**WORK REQUEST:** Apart from the images, output the data below exactly.

Items from a data source
:::::

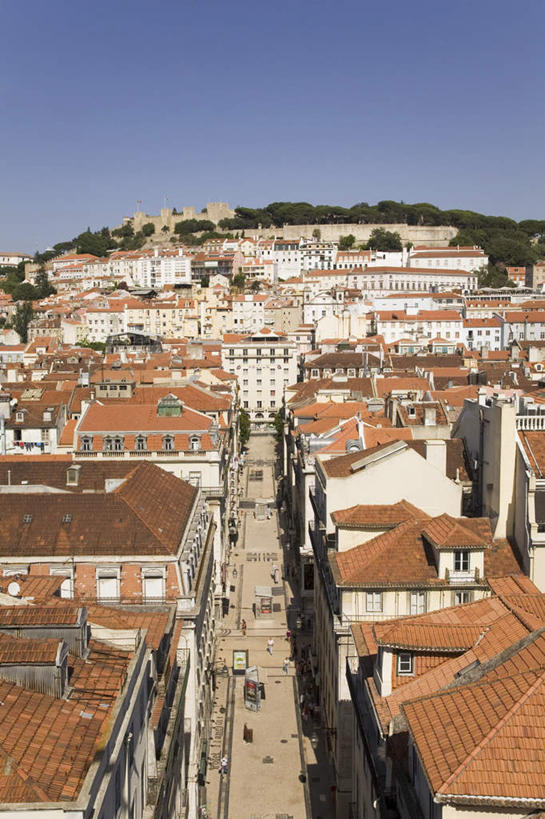 无人,家,竖图,俯视,航拍,室外,白天,旅游,度假,树林,植物,标志建筑,地标,建筑,葡萄牙,欧洲,阴影,朦胧,模糊,光线,影子,堡垒,城堡,房屋,屋子,建筑群,首都,娱乐,建设,楼房,里斯本,住宅,树,树木,排列,蓝色,绿色,蓝天,天空,阳光,自然,天,享受,休闲,旅游胜地,放松,生长,晴朗,成长,要塞,鸟瞰,南欧,万里无云,摆列,葡萄牙共和国,圣乔治城堡,设防,晴空,晴空万里,彩图,高角度拍摄,房子,布列,分列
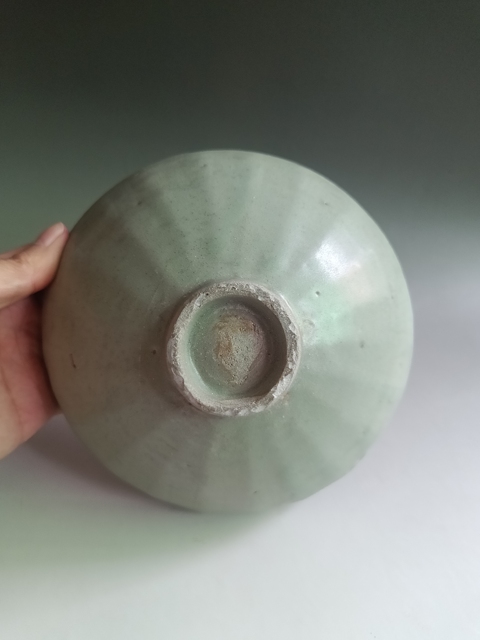 古玩陶瓷一口價便宜出宋末元初龍泉青瓷刻仰蓮紋碗拍賣,當前價格3200元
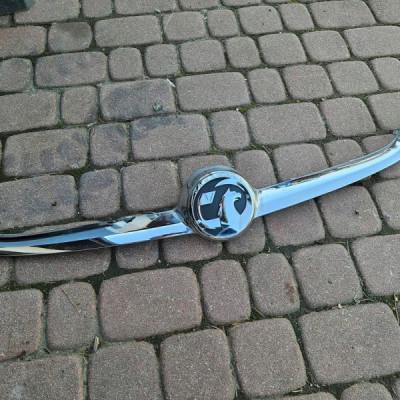 Grill chrom grilla emblemat atrapa Opel Corsa E 13399246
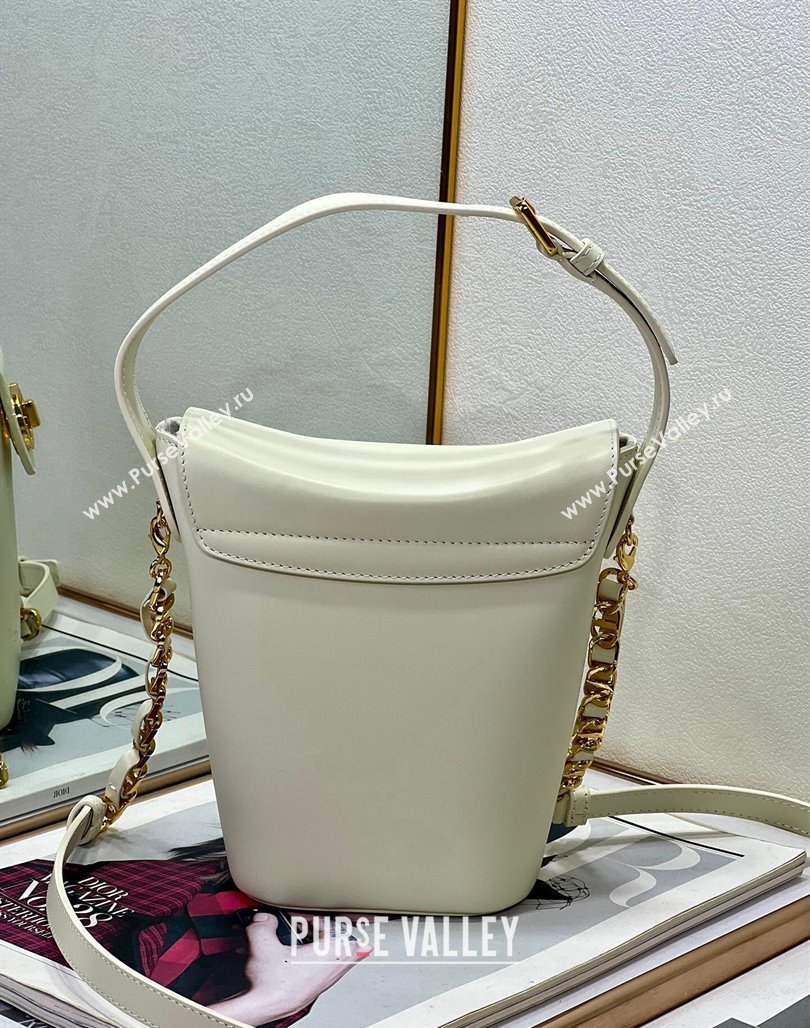 Dior 30 Montaigne Dior Amber Mini Bucket Bag in Calfskin White 2023 8833 (XXG-231228097)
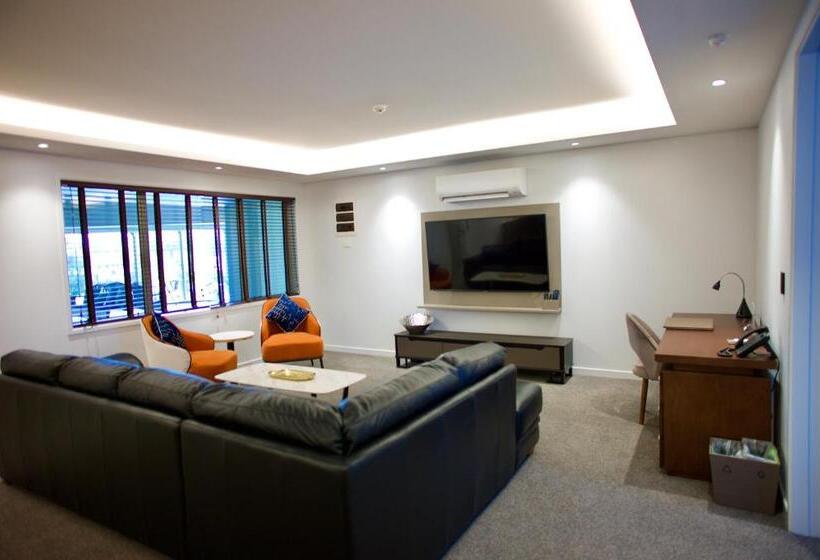 آپارتمان دلوکس 3 خوابه, Regal Palms Resort
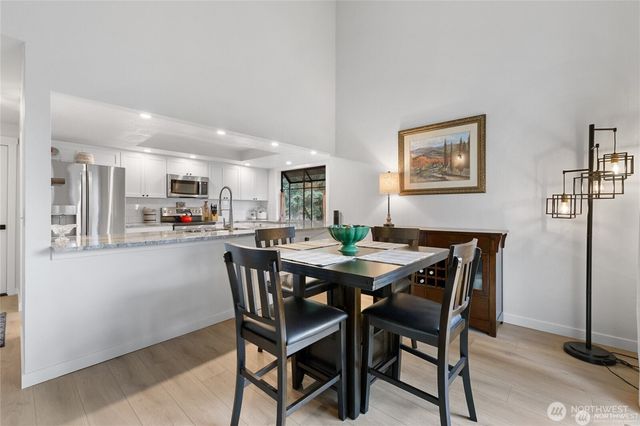 2114 7th Avenue SW, Puyallup, WA 98371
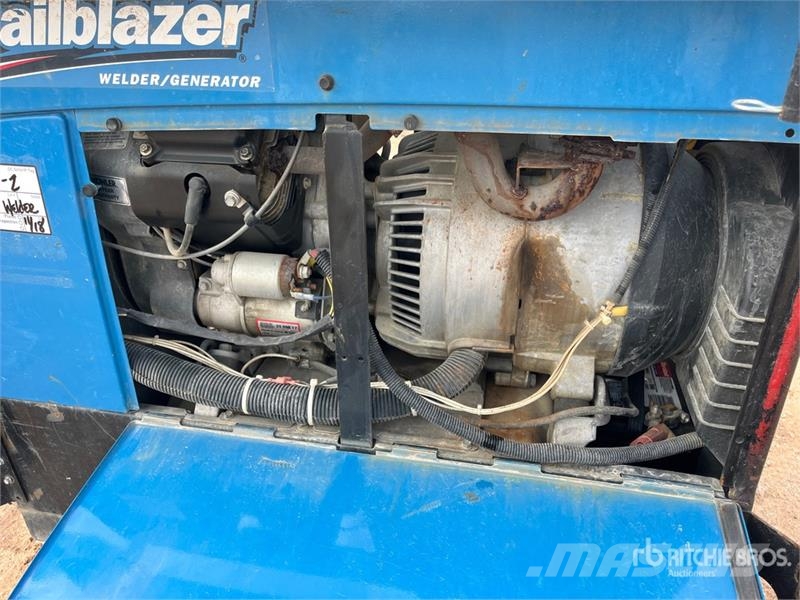 Miller Trailblazer 325 A Mobile Multi-Process Engine Driv Сварочные аппараты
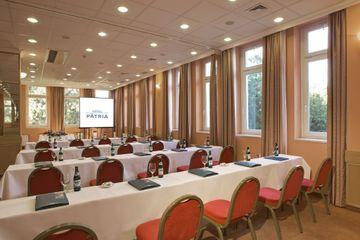 Hotel Patria Pecs Ngoại thất bức ảnh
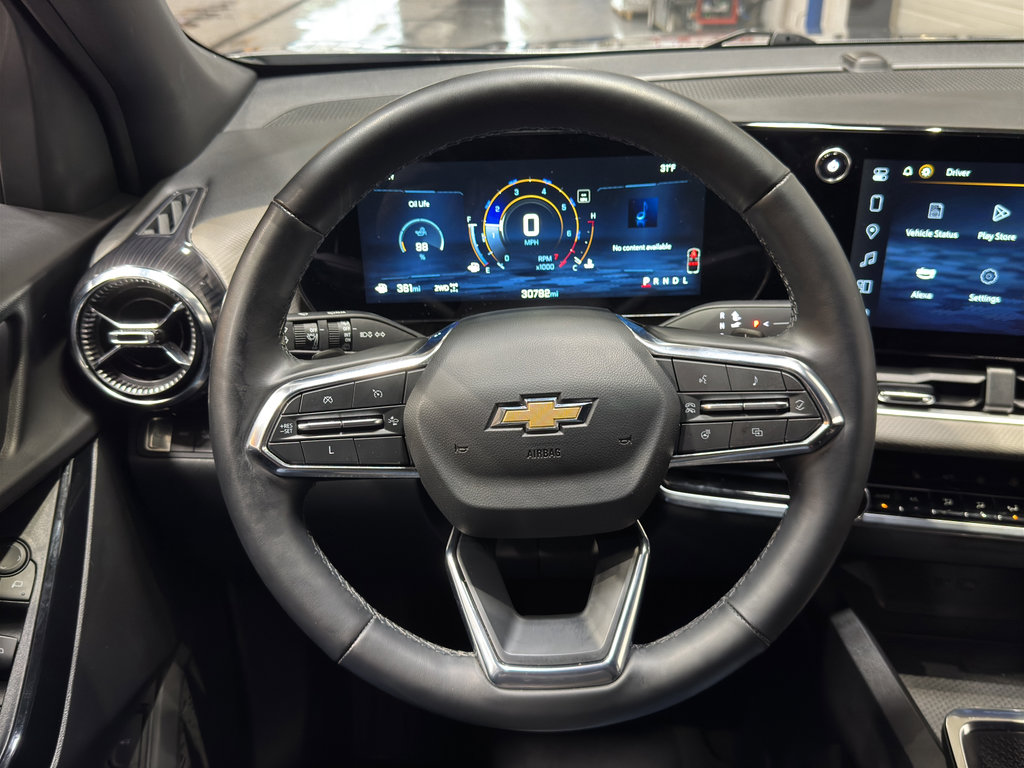 Used 2025 Chevrolet Equinox LT w/ Convenience Package II image 23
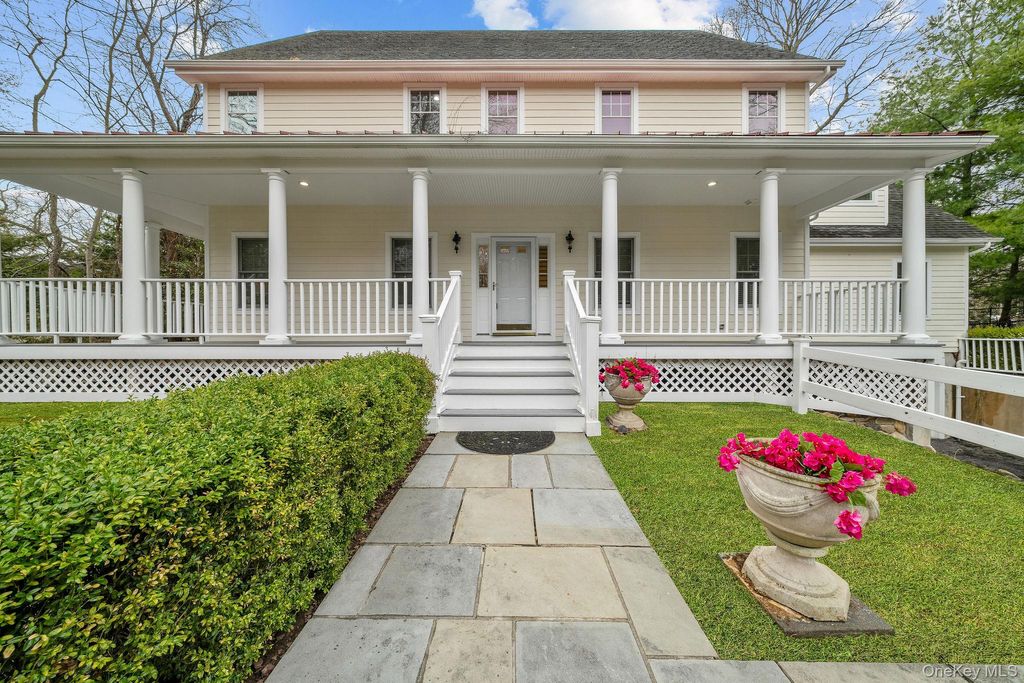 Photo of 17 Nadworny Lane, Stony Brook, NY 11790 (MLS # 979976)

:::::

**FINAL ANSWER:**
 无人,家,竖图,俯视,航拍,室外,白天,旅游,度假,树林,植物,标志建筑,地标,建筑,葡萄牙,欧洲,阴影,朦胧,模糊,光线,影子,堡垒,城堡,房屋,屋子,建筑群,首都,娱乐,建设,楼房,里斯本,住宅,树,树木,排列,蓝色,绿色,蓝天,天空,阳光,自然,天,享受,休闲,旅游胜地,放松,生长,晴朗,成长,要塞,鸟瞰,南欧,万里无云,摆列,葡萄牙共和国,圣乔治城堡,设防,晴空,晴空万里,彩图,高角度拍摄,房子,布列,分列
 古玩陶瓷一口價便宜出宋末元初龍泉青瓷刻仰蓮紋碗拍賣,當前價格3200元
 Grill chrom grilla emblemat atrapa Opel Corsa E 13399246
 Dior 30 Montaigne Dior Amber Mini Bucket Bag in Calfskin White 2023 8833 (XXG-231228097)
 آپارتمان دلوکس 3 خوابه, Regal Palms Resort
 2114 7th Avenue SW, Puyallup, WA 98371
 Miller Trailblazer 325 A Mobile Multi-Process Engine Driv Сварочные аппараты
 Hotel Patria Pecs Ngoại thất bức ảnh
 Used 2025 Chevrolet Equinox LT w/ Convenience Package II image 23
 Photo of 17 Nadworny Lane, Stony Brook, NY 11790 (MLS # 979976)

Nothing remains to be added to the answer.